睡眠不足が肌のトラブルの原因に
残暑が続いていますが、この時期どうしても睡眠不足になりがちです。睡眠不足が続いてしまうと、当然肌にも影響があらわれてきます。健康や美容にとって睡眠が重要なことは多くの人の知るところですが、質、量ともに十分な睡眠をとることはなかなか困難で、気がつくと肌が脂っぽい、粉をふいてきた、ニキビができた、といった症状がでてきてしまいます。そこで睡眠不足は、肌に悪い影響を与える原因を考えてみます。

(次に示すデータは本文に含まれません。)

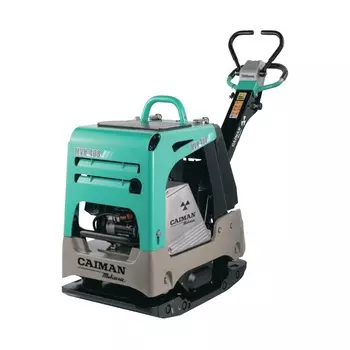 Виброплита реверсивная Caiman MVH-408GH, Сила удара 55,0 кН, платформа 900х500 мм, 364 кг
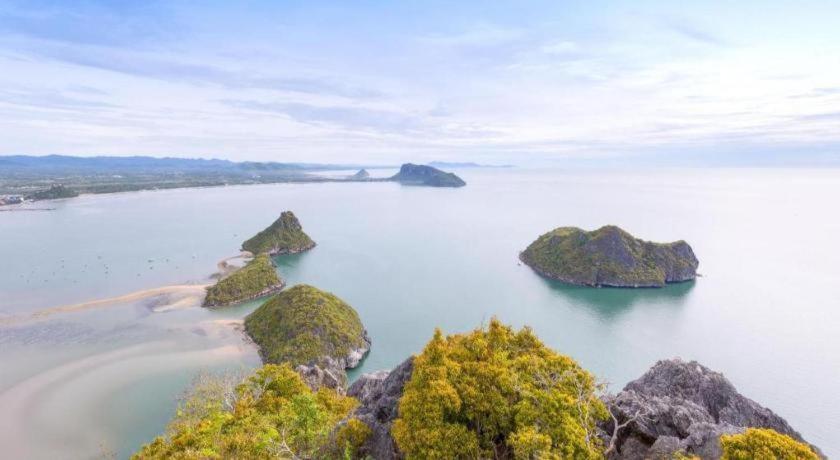 De Hostel Prachuap Khiri Khan Esterno foto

皮膚の細胞は毎日新陳代謝で生まれかわっていますが、それは眠っている間にだけ起こる生理現象です。新陳代謝の働きには、自律神経とホルモンの働きが関係をしています。自律神経には活動時に働く交感神経と、休息時に働く副交感神経の2つがあります。昼間起きているとき、交感神経は脳に血流を集めて手足や目、口など体の動きや感覚をコントロールし、その分肌への血流は不足します。逆に、夜間は副交感神経が優位になり、脳への血流が減って内臓や皮膚への血流が増加します。この時間帯に、肌は栄養を吸収して再生します。
睡眠中にはある種の成長ホルモンが脳下垂体というところからぶんぴつされてきます。成長ホルモンは細胞の新陳代謝を促すため、分泌が活発になる睡眠中に、体の機能の修復や疲労回復、皮膚の再生などが行われるのです。ですから昔から、寝る子は育つ、美人は夜つくられる、と伝えられていますが、こうしたことは科学的にも正解です。その逆に、睡眠が不足すると肌の代謝も低下し、ニキビや乾燥、くすみなどの肌トラブルを招いたり、シミ、シワ、たるみなどの肌老化が進んでしまうということになるわけです。
睡眠は、単に身体を休めるということだけではなく、リニューアルする上での大切な活動です。睡眠時間はたっぷりと8時間はとってほしいものですが。睡眠時間が8時間以上ならいつ寝ていつ起きてもいいのかというと、そうではありません。
自律神経のバランスを整える意味でも、交感神経が優位になる朝には起きて日中活動し、副交感神経が優位になる夜は眠るのが望ましいのです。また、眠りを誘うホルモンと言われるメラトニンは、朝日を浴びることで昼間の分泌量が抑えられ、夜しっかり分泌されるようになります。これによって、夜ぐっすり眠るリズムがつくられるのです。自然の摂理に従ってやはり早寝早起がベストです。
午後10時から午前2時は肌の修復が行われる(肌だけではないですが)肌のゴールデンタイムですから、この時間は寝ていないといけないとはよく耳にしますが、仕事をもつ人にとって毎日午後10時に寝るのは難しいでしょう。午前0時までに眠りにつくことを習慣にしていれば、健康にも肌の状態にも大きなダメージを受けることはないでしょう。睡眠を削って、睡眠不足になることは命を削ることにもなるので注意をしましょう。